We’re excited to bring you this free e-learning course on Statistical Decisions Using ANOVA and Regression. The course includes many topics in the fundamentals of statistics, and most lessons build on the lessons before. This is a course you should probably take in order.
Lesson 1 is an introduction to Statistical Concepts, Descriptive Statistics, Inferential Statistics, Hypothesis Tests, and the One-Sample t-Test. Keywords: Assessing Normality, Standard Error, Confidence Intervals, One- and Two-Tailed Tests
Lessons 2 is about ANOVA, including how to deal with Multiple Comparisons and solve for anticipated Power or Sample Size requirements. Keywords: Comparing Group Means, Turkey HSD, Bonferroni, Conservative, Liberal, Experiment-Wise Error Rate
Lesson 3 covers regression, beginning with Scatterplots and Correlation, then introducing Simple Linear Regression, and adding complexity with PolynomialRegression. Keywords: Least Squares, Sums of Squares
Lesson 4 covers additional complexity: Model Building for Multiple Linear Regression, Combining Factors in Multi-Way ANOVA, Evaluating Assumptions, Model Interpretation, and what to do When Things Go Wrong. Keywords: Interactions, Profiler, Box-Cox Transformation, Collinearity, VIF, Mahalanobis and Jackknife Distance Statistics, Influence, Leverage
The demonstrations in this course were recorded in JMP 14. If you are using JMP 15 or higher, you might notice some changes to the interface, such as additional menu items or options in dialogs. These changes do not affect the course content and should not affect your ability to follow along with the course.

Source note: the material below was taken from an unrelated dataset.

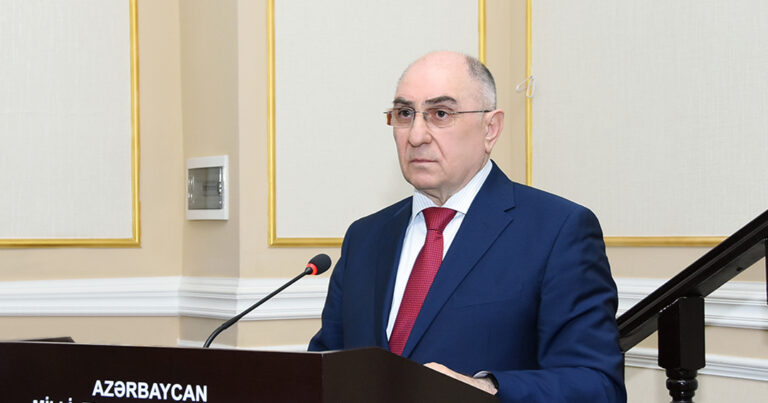 Süni xüsusi intellektdən süni fövqəl intellektə doğru: insan “cini şüşədən buraxıb”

You can go to Help > New Features to view a PDF of the new features and enhancements. Sample Size Explorer is one new tool you should check out. Learn more about the Sample Size Explorer.
Please send any feedback about the course to Ruth.Hummel@jmp.com with the title “Feedback on ANOVA and Regression Course” .
Lesson 5 is a separate lesson that ends the course with ten capstone exercises presented with solutions. These exercises provide an opportunity to practice the lessons learned in this course in real-world scenarios.